Hacker News new | past | comments | ask | show | jobs | submit login
Introducing the 4chan API (4chan.org)
188 points by nthitz on Sept 5, 2012 | hide | past | favorite | 79 comments



I feel kinda silly just having spent the long weekend writing a threaded 4chan scraper. This is a super welcome change though. Even if you don't visit 4chan regularly you can't ignore the VAST amount of content people upload there. I imagine some interesting statistics will come of this ( I know I plan to).


Even if you don't visit 4chan regularly you can't ignore the VAST amount of content people upload there. I imagine some interesting statistics will come of this.

That was my reaction too. Beyond statistics, this will make it easier to develop all sorts of user-facing and machine-to-machine applications -- for sharing, grouping, ranking, and linking items, and even for 'overlaying' the content on top of other social networks.

I'd expect the API to be grow and mature over time, and am curious to see what comes out of this experiment.


I don't know. Getting an API to 4chan is like getting a parking pass to the local garbage dump. What statistics are you actually mining here?


Coming from the country where needing a parking permit to the garbage dump is the norm (i.e. only way to get rid of your trash) and can actually be a desirable activity (I can't even tell you how many books, monitors, speakers, etc. I've either restored or recovered in perfect condition for no cost)... I can't wait!


4chan represents a social cauldron unlike others. The first and foremost question I had hoped to find out was "What do people talk about when they don't have an identity to think of?" There is almost zero consequence in the case of failure. If you say something and no one responds, or everyone insults you, it is completely forgotten within a few minutes. You can say almost anything you want without fear of retribution. (Where else in life does this exist?) So, with no rules, what do people want to talk about?


I understand what you're saying.

BUT, be careful with the concept of 4chan and "no retribution". There have been countless examples of 4chan "reacting" to threads, I'm sure I don't need to go into detail here.


There is plenty of excellent content (consequently, statistics), you just have to look a little harder. I would hazard a guess that you've taken a quick glance and dismissed the entire community. Feel free to correct me if I'm wrong.


Let me know when, say, /tg/ stops casually tossing around f-g and f-ggot while pretending that's not at all homophobic.

Garbage dump is entirely appropriate. I have no idea how anyone older than 20 can tolerate 4chan.


While you're talking about the homophobia, let's not ignore the blatant racism on 4chan. The work n-gger is not only casually thrown around on those boards, at this point it's ingrained racism that's influencing a lot of young teens visiting the site and is subtly encouraged by the moderators. It's disgusting and even thought I'm a strong advocate for the freedom of speech, I fear the power of effective propaganda.

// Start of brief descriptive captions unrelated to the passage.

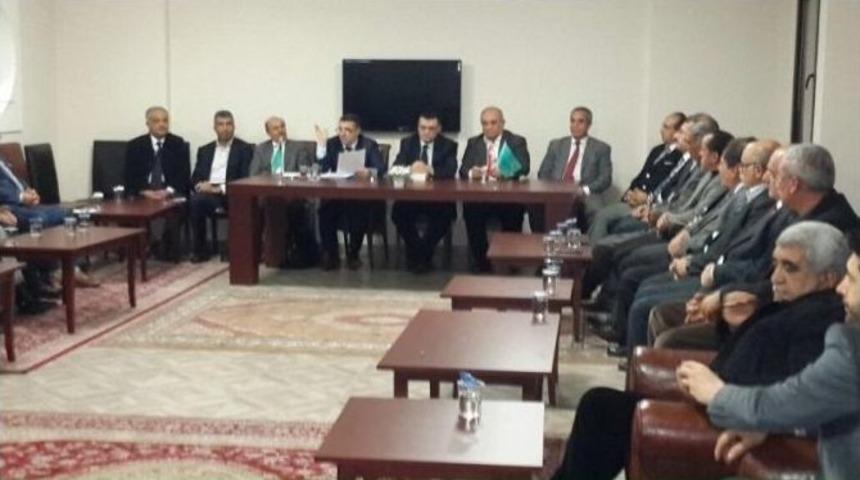 P&uuml;t&uuml;rge İ&ccedil;in El Ele Toplantısı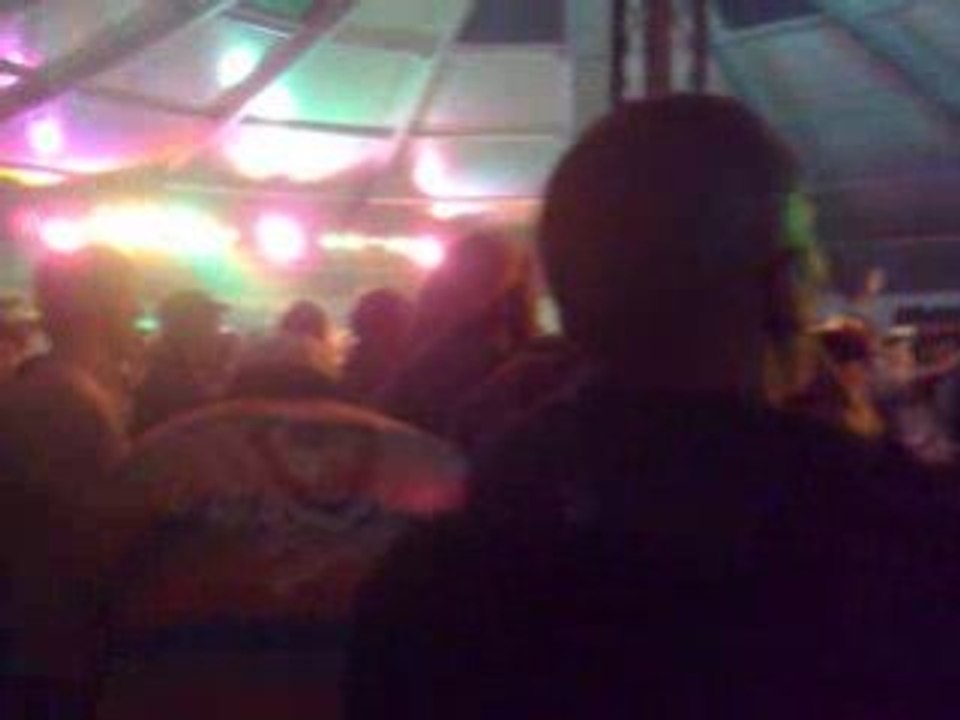 Danceground - SUMMERJAM '08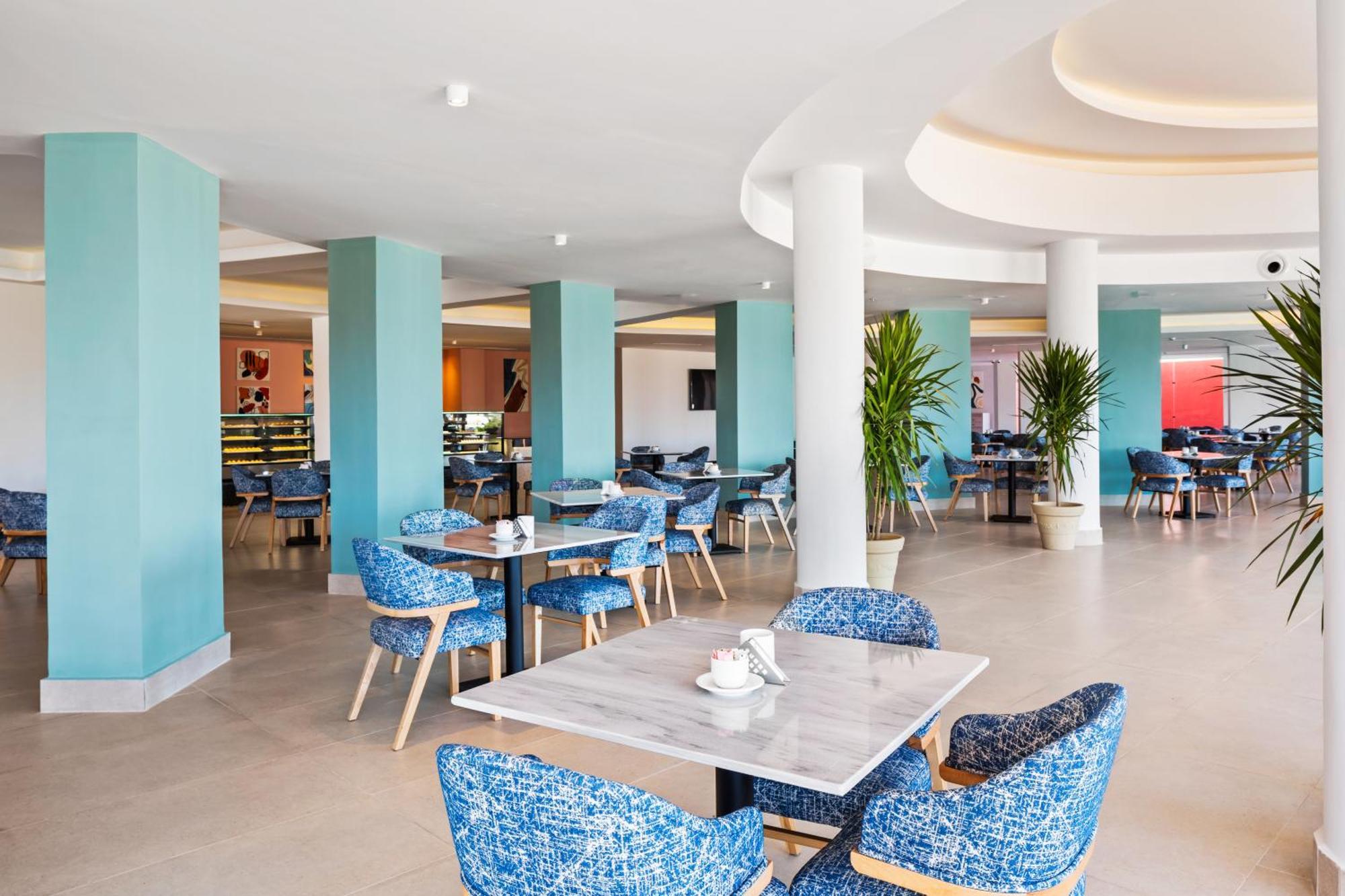 Pickalbatros Laguna Club Resort Sharm El Sheikh Екстер'єр фото The restaurant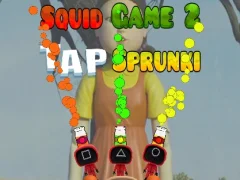 Igra Squid Game 2 Tap Sprunki spletu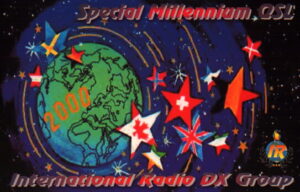 Millennium QSL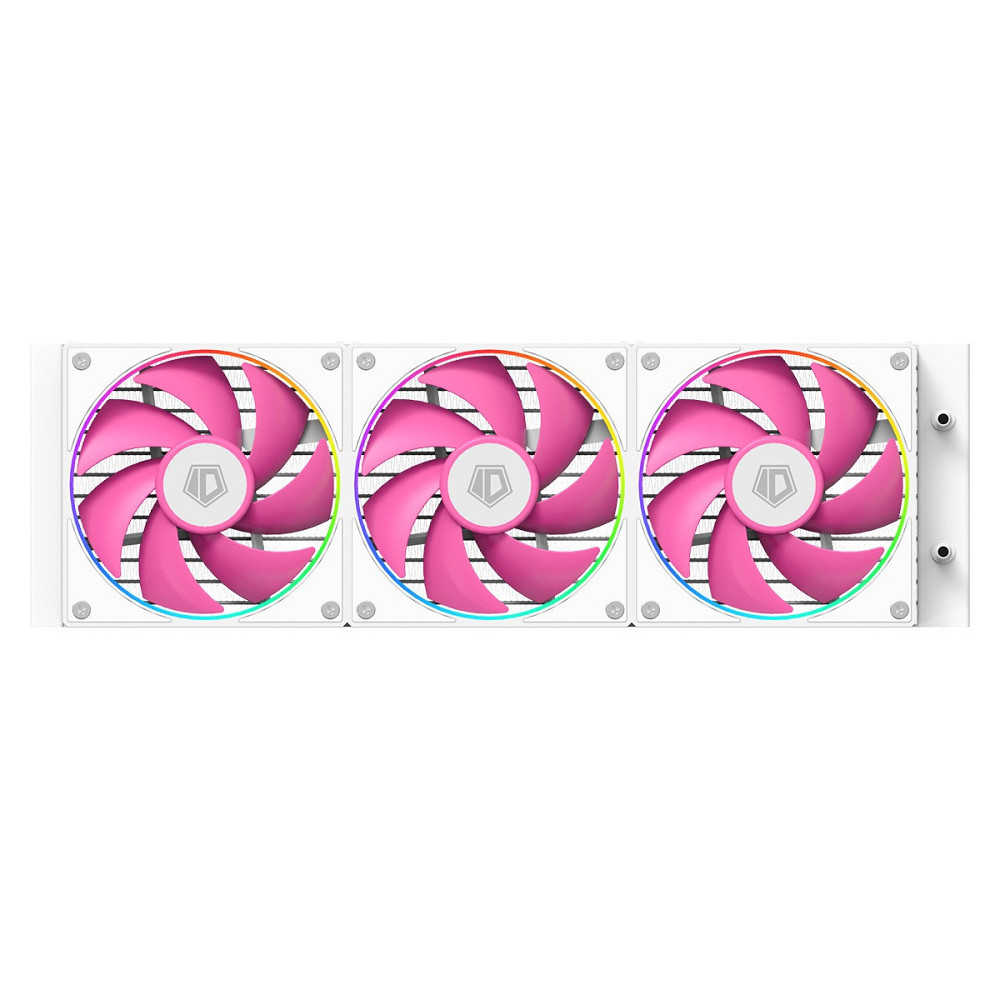 Система водяного охолодження ID-Cooling FX360 INF Pink ( Рожевий ) Харьков - изображение 8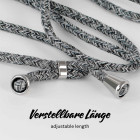 ONEFLOW Twist Case Samsung Galaxy S20 Ultra 5G Handykette – Stoff Kordel – Weiteres Produktbild 5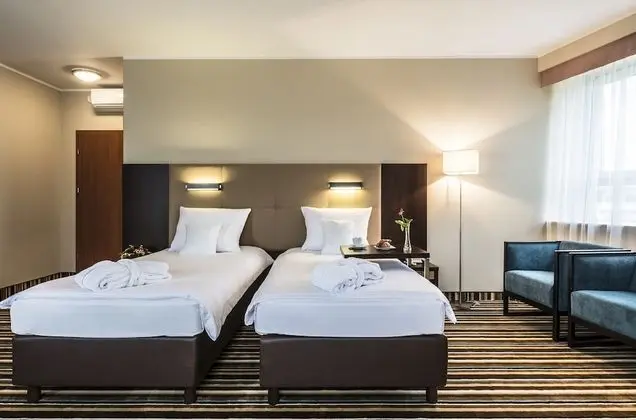 Standard Tek Büyük Yataklı Oda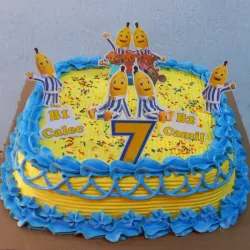 Hermanos Bananas 🍌💙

You do know that 4chan has a pretty large gay population right? In fact I would say roughly 70% of that site's viewers are bisexual.


Just a little bit of confirmation bias there, from my own experience. That notwithstanding, 4chan most definitely has a higher rate of homosexuals than the rest of the internet.


While you clearly pulled that percentage out of nowhere I would agree it's probably not too far off. While it's fair to call it bisexuality, it might be more accurate to simply label it sexual opportunism.


If you really think the use of fag and faggot reflects homophobia, you need to take a step back and look at where you are - the internet. Do you think that people posting gore do it because they enjoy the content? It's all shock value.


(Not really interested in whether 4chan's use of "fag" reflects homophobia. I am responding to your next sentence.)

>Do you think that people posting gore do it because they enjoy the content?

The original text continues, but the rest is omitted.